In her pre-recorded cook with mentor Trisha Lewis, Aoife made her Crispy Duck Delights, a dish she describes as easier to recreate at home than people might think and perfect for entertaining. She says cooking in a TV studio kitchen was an exciting experience and very different from cooking at home.
For her semi-final cook, Aoife will prepare a Chilli Crunch Pork Belly Baguette with Miso Aubergine and Pickles — a bold, flavour-packed dish that showcases her modern fusion cooking style.
Rosaria Manchese
Rosaria Manchese is 33-years-old and hails from the Puglia region of southern Italy. Now living in Monkstown, Cork, Rosaria works in Family Support within a children’s disability team.
She describes herself as intuitive, caring and creative, and loves creating simple but comforting dishes that allow fresh ingredients to shine.
Rosaria Manchese
Rosaria says food has always been at the centre of her life and family traditions. Growing up in Italy, gatherings around the table at Easter and Christmas were major milestones, and since moving to Ireland and marrying into farm life, she has discovered that feeding hungry workers on Silage Day can be just as important as an Italian Sunday feast.

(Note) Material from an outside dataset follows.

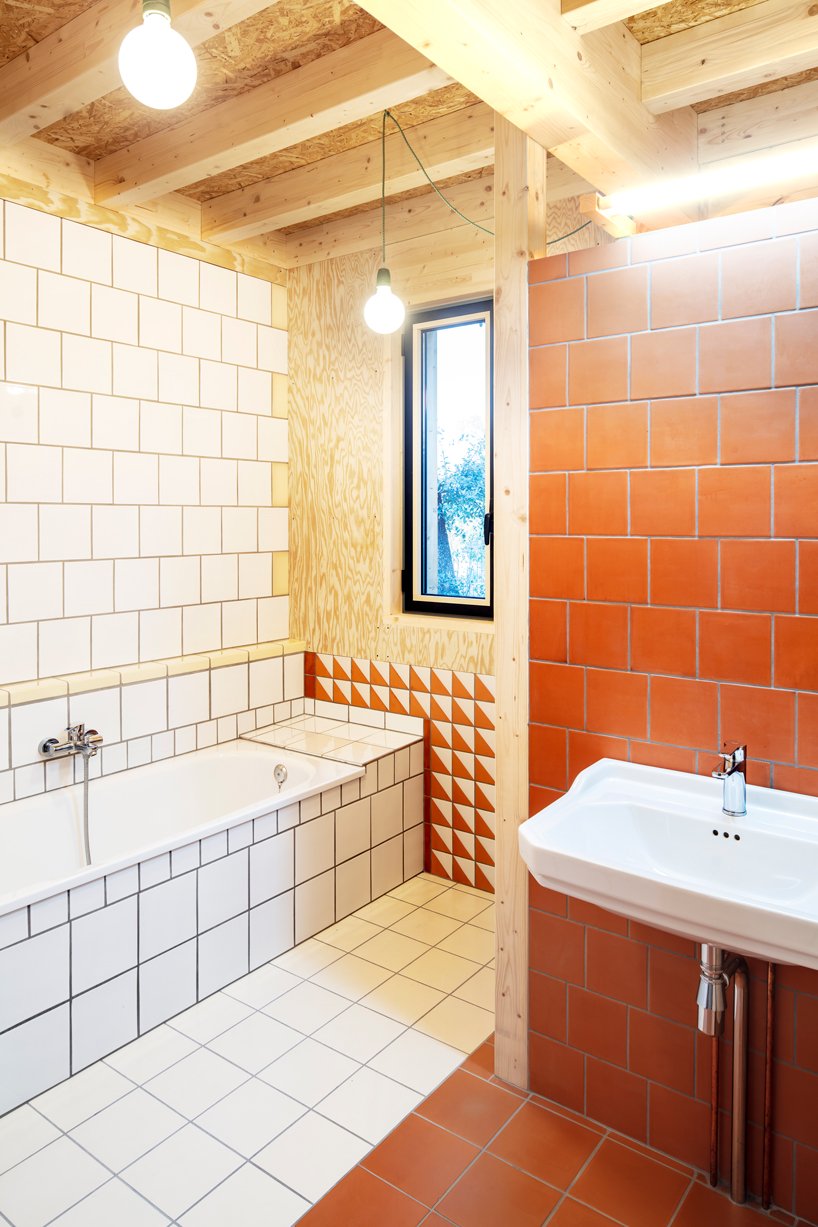 The bathroom is done with white and terracotta tiles and some timber again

Her signature dish is a slow-cooked short rib beef ragu served with rigatoni and homemade focaccia — a rich, comforting meal inspired by the flavours of home.
Rosaria applied for TV Home Cook after encouragement from a colleague and decided to embrace the opportunity and challenge herself.
In her pre-recorded cook with mentor Trisha Lewis, Rosaria prepared a traditional Sausage & Broccoli Orecchiette, topped with toasted breadcrumbs for added texture and flavour.
For her semi-final cook, Rosaria will be making Baked Gnocchi with Pork & Butternut Squash — a comforting Italian-inspired dish full of warmth and rustic flavour.